The seasonally adjusted unemployment rate compares with an upwardly revised 5.6 percent in May, and is higher than the 5.6 percent forecast by analysts.

It is the highest level since September 2009 and is just shy of the 5.8 percent peak reached at the height of the financial crisis.

The Australian Bureau of Statistics said joblessness rose despite the economy creating a net 10,300 jobs, owing to a plunge in full-time employment. The market had expected a neutral outcome.

Major mining companies have started laying off workers in recent months as Australia's resources investment boom peaks and the economy confronts a tough diversification drive to other sources of growth.

Reflecting this, one of the sharpest increases in unemployment was in Queensland, a major coal-mining centre, where it jumped to 6.4 percent from 5.9 percent in May.

Prime Minister Kevin Rudd said the truth was the "China resources boom is over".

"While the export of resource and commodity volumes are up, the prices we receive for them have now fallen almost 25 percent since their peak and may well fall further," Rudd said in his first major policy speech since ousting Julia Gillard as leader last month.

"That investment phase is slowing. Right now, we find ourselves at a cross-over point for our national economy."

The central bank cut interest rates to a record low 2.75 percent in May in a bid to stimulate non-mining areas of the economy, citing rising unemployment as one of its concerns.

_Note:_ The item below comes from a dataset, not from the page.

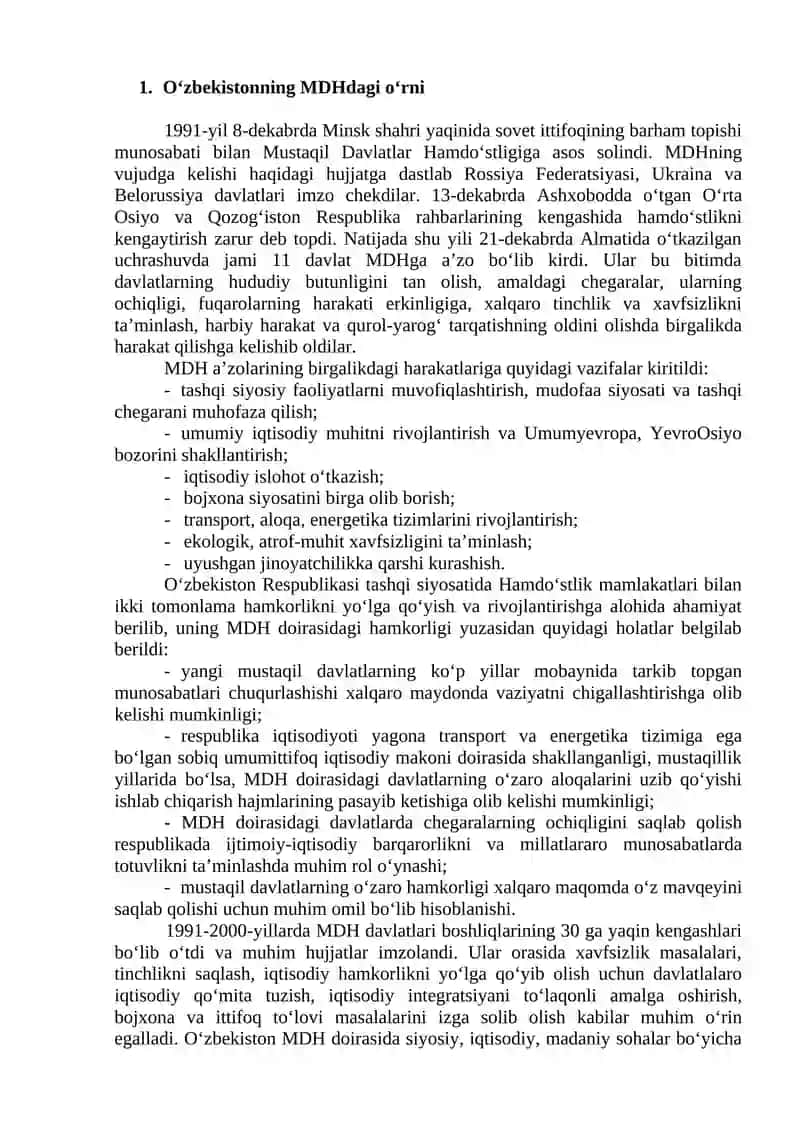 Mustaqillik yillarida O’zbekistonning Markaziy Osiyo respublikalari bilan hamkorlik aloqalari 2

The Australian dollar edged higher on the data to 92.39 US cents, from 92.19 cents immediately prior its release, with analysts saying the overall rise in job creation meant it was "moderately positive" news.

"We're still adding jobs, just not enough," said JP Morgan analyst Ben Jarman.

"This is consistent with an economy that is slowing a bit below trend pace and as a result of that, the labour market is loosening a bit.

"But it all looks pretty gradual and orderly at this point so you're not seeing deep cuts in the existing head count. All you're really seeing is a bit more restraint in terms of hiring.

Canberra expects unemployment to hit 5.75 percent in the year to June 30, 2014.